Le personnage d’Ariane a attiré ma sympathie au départ. Issue de la vielle bourgeoisie, rebelle par son histoire avec une femme, elle épouse un petit fonctionnaire pour ne pas se retrouver à la rue après une tentative de suicide. Elle semble piégée, un peu folle. Mais au fur et à mesure du livre on la découvre imbue d’elle même, égoïste, snob. Avec Solal on sait à quoi s’attendre dès le départ. Il est le séducteur de ces dames. Au début présenté comme arrogant, il émeut le lecteur par son amour pour ses vieux oncles et son peuple (est-ce donc à cela qu’ils servent dans l’histoire???) et dans ses tentatives parfois cruelles pour maintenir à flot la passion entre lui et Ariane. Adrien Deume est un petit fonctionnaire fat, imbue de sa personne, petit au début, petit à la fin, son comportement en est comique. Sa mère est insupportable, c’est un concentré des défauts  des bigotes bien pensantes et médisantes. Son père, un peu benêt, est attachant dans son soutien discret à Ariane et ses micro tentatives de rébellion contre son épouse.

 Le choix de l’époque et du lieu, l’entre deux guerres, permet d’illustrer parfaitement l’hypocrisie de la bonne société européenne. Les déclarations d’Hitler sont prises à la légère par les personnages secondaires, voire soutenues ; il n’y a rien de grave puisque l’Allemagne a été battue… La majeure partie de l’histoire se déroule en suisse, où tout va bien puisque les riches sont de plus en plus riches…
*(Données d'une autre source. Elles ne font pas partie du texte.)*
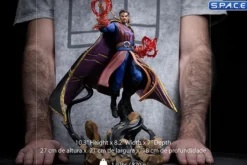 1/10 Scale Strange Supreme Deluxe Art Scale Statue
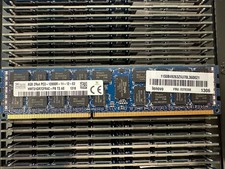 8GB DDR3-1600 PC3-12800R ECC Registered Server RAM 2Rx4 Major Brand picture
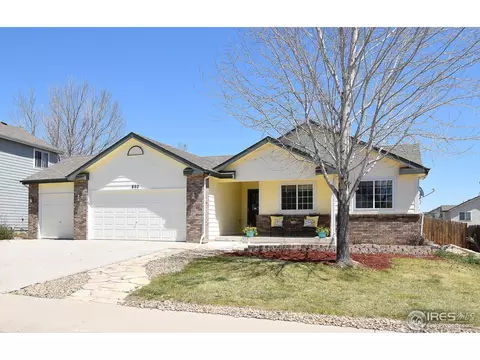 802 Cameron Dr, Severance, CO 80550 photo 1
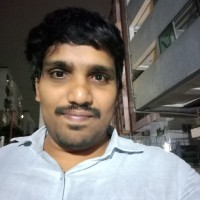 Krishna Paluru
Un passage m’a particulièrement plus, il va à peu près des pages 800 à 950. Il s’agit de la description par Solal du ridicule de leur bel amour. Ariane s’accroche à une vision d’un amour, qui doit être esthétique et qui repose sur la passion et la beauté des gestes, sans réelle intimité. Solal décrit alors avec causticité le ridicule de ce comportement. Le passage sur les sonnettes en est un magnifique exemple. Ces 150 pages mettent en lumière les pages 300 à 800, où l’on n’a droit qu’à des descriptions dégoulinantes de beaux mots de l’amour d’Ariane et solal (je n’ai toujours pas compris d’ailleurs comment elle s’est mise à l’aimer comme ça ). Vous le comprendrez je n’ai pas aimé cette partie là que j’ai trouvé bien longue.

L’auteur nous livre à travers une histoire d’amour (ou plutôt une passion) une critique de la société. Les rapports humains y sont disséquées, les travers de la petite bourgeoisie épluchés. On peut alors s’interroger, certains humains étant si déplorables du fait de leurs défauts, leur haine de l’autre (dépeinte à travers l’antisémitisme), leur soif de faire valoir, cela vaut-il la peine de vivre en société? La réponse nous est apportée par les conséquences de l’amour d’Ariane et de Solal. Isolés de la société, ils dépérissent, ce grand amour ne suffit pas à les nourrir. Spoiler: . Au final, mon avis est mitigé. J’aime beaucoup ce que nous a décrit l’auteur, par contre j’ai moins aimé le temps qu’il a pris à le faire. (mince mon spolier ne marche plus bouhhhouhhhouhhh).

 

Comme je ne fais pas les choses à moitié, ce livre vaut bien deux challenge! Il est donc mon libre « beau » pour le challenge un livre des mots de Calypso!